Il parallelismo temporale della narrazione sembra in un certo qual modo riflettersi sulla trattazione dei temi centrali: la crescita personale caratterizzata da una forte autodeterminazione, soprattutto nei personaggi di Jo ed Amy, perché “le donne hanno una mente, un’anima e non soltanto un cuore, hanno ambizioni, hanno talenti e non soltanto la bellezza“, contrapposta ad una serie di stereotipi che evidenziano i limiti del ruolo femminile dell’epoca messi in scena con ironia come quando l’editore, cui si presenta una speranzosa Jo March, ribadisce più volte “deve scrivere un romanzo in cui la protagonista femminile alla fine si sposa o muore”.
Dunque oltre al tema familiare, le privazioni a causa della guerra, la nostalgia per l’infanzia che passa, i rapporti che cambiano e i ruoli che evolvono, la Gerwig pone in notevole rilievo il tema del ruolo della donna nella società dell’epoca, con un’attualizzazione spiccatamente femminista, senza però forzare la mano, bensì rendendo i personaggi molto vicini a noi e lo stesso film una riflessione sul tema dell’emancipazione. Amy – che ha il dono della pittura – vezzosa e infantile durante l’adolescenza, si rivela dopo il viaggio per affinare la sua arte pittorica in Europa più fiera e consapevole: “io voglio essere il massimo o niente“.
Dall’altro la ricca zia March -personaggio conformista, ma anticonvenzionale allo stesso tempo- spinge le nipoti a mettere su famiglia con un buon partito, ma quando Jo le ricorda che proprio lei non si è mai sposata e vive viaggiando per il mondo, replica “ma che c’entra, io sono ricca!“. Meg, la maggiore delle quattro, che sogna invece una famiglia e dei figli, desiderio di vita semplice e riduttivo agli occhi di Jo, ci ricorda che nonostante tutto scelte diverse sono possibili: “Se i miei sogni sono diversi dai tuoi non significa che siano meno importanti“.
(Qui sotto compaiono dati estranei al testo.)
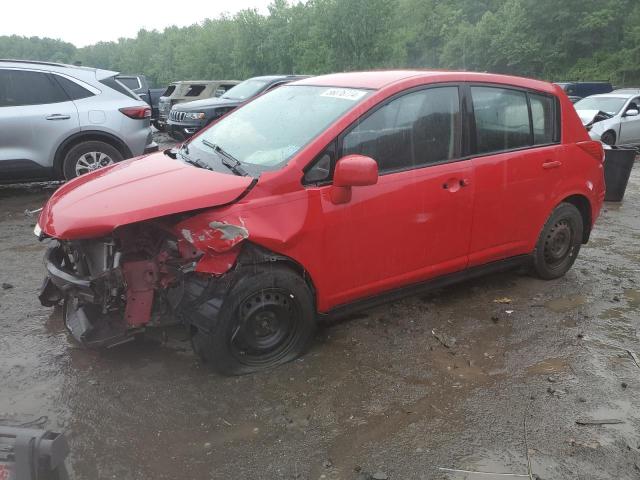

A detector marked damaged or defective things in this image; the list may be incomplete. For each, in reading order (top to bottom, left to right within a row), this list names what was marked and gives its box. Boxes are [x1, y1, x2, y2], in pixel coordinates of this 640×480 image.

crushed front end [38, 223, 188, 346]
damaged red hatchback [36, 70, 604, 376]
Jo – alter ego della scrittrice Alcott e della regista/sceneggiatrice Gerwig – sognando l’indipendenza economica e la realizzazione in campo professionale, cerca in queste prima ancora che nell’amore la sua personale via della felicità. Ripudia dunque in modo alquanto coraggioso per l’epoca l’amore, ma ci ricorda che il desiderio di autonomia ha un costo: porta anche molta solitudine. Emozionante quando confessa che “vuole essere amata”, ma la madre le ricorda che “non è la stessa cosa che amare”.
Nonostante tutto il film non sminuisce l’istituzione matrimoniale, anzi, nel finale tutte le sorelle, eccetto Beth, trovano il vero amore e i matrimoni rappresentati, primo tra tutti quello dei genitori March, sono esempi positivi di amore e di sostegno reciproco. Il film, sebbene sia ispirato ad un romanzo dell’800, fa dunque riflettere, intrecciando la tematica femminista alla riflessione sull’arte, alla libertà espressiva, ai diritti di pubblicazione, su quanto fosse duro per una donna -e quanto sia, purtroppo ancora così- affermarsi professionalmente e in modo indipendente, alla pari di un uomo.